ثم لا يخفى عليك يا أخى أن من الذنوب ما يشبه أمره من جهة كونه من مظالم النفس أو مظالم العباد كالزنا واللواط مثلا، فإن الأمر فى ذلك يحتاج إلى تفصيل ليظهر بواسطة رجائه الصواب، وهو أن يقال : إن كان المفعول به مبتدئا كانت تلك المظلمة من مظالم النفس، وإن كان الفاعل قد راوده وعاوده كان ذلك من مظالم العباد الصعبة، لأنه آذى تلك الصورة وقهرها وجرها إلى المعصية، ومن سن سنة سيئة كان عليه وزرها ووزر من عمل بها إلى يوم القيامة، وأيضا فإنه هتك عرضها وآذى أهلها وحملهم العار وغير ذلك .

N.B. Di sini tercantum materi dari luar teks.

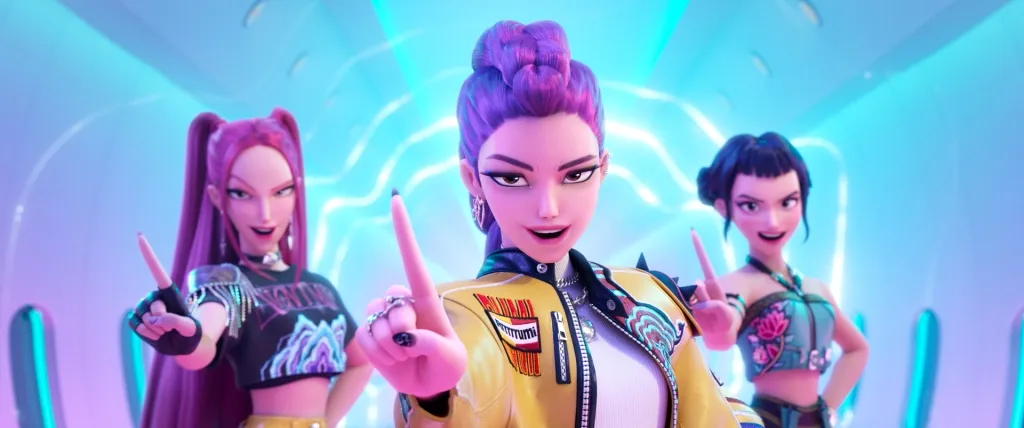 Kpop Demon Hunters idols posing confidently in vibrant outfits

Kemudian tidak diragukan lagi olehmu wahai saudaraku bahwa di antara dosa² adalagi dosa yg kasusnya serupa antara apakah termasuk dzalim kepada diri sendiri atau dzalim kepada orang lain? Seperti perzinahan dan liwath (homoseksual). Kasus semacam ini harus di tafshil (dirinci) agar nampak yg sebenarnya mana yg dzalim kepada diri sendiri dan mana yg dzalim kepada orang lain. Rinciannya yaitu; Apabila yg memulai adalah pihak sasaran (wanita), maka itu termasuk dzalim kepada dirinya sendiri, sedangkan apabila pihak pelaku (laki²) yg merayu dan memaksanya, maka itu termasuk kedzaliman terhadap sesama hamba yg sangat rumit, sebab dalam kasus semacam ini ia memaksanya dan menyeretnya kepada perbuatan ma’siyat, “Barangsiapa memberi contoh dengan contoh yg buruk, maka ia menanggung dosanya dan dosa orang yg melakukannya sampai hari kiamat”. Dan sesungguhnya ia juga merusak kehomatannya, menyakiti, dan mempermalukan keluarganya dan lain sebagainya.
(تنبيه)
الأعراض أشد من الأموال . قال العلماء : لو أن شخصا أخذ مال شخص ثم تورع فجاء به بعد موته إلى ورثته وإلى جميع أهل الأرض فجعلوه فى حل ما كان فى حل فعرض المؤمن أشد من ماله،
(Peringatan);
Kehormatan seseorang adalah lebih berharga daripada hartanya. Para ‘ulama berkata; Seandainya seseorang mengambil harta orang lain, kemudian ia berlaku wira’i, lalu setelah orang itu meninggal dunia ia datang dengan membawa harta tersebut kepada ahli warisnya dan kepada seluruh penduduk bumi, maka mereka dapat menghalalkannya selama harta tersebut berupa harta halal. Adapun berurusan dengan kehormatan seseorang adalah lebih berat tanggung jawabnya daripada berurusan dengan hartanya.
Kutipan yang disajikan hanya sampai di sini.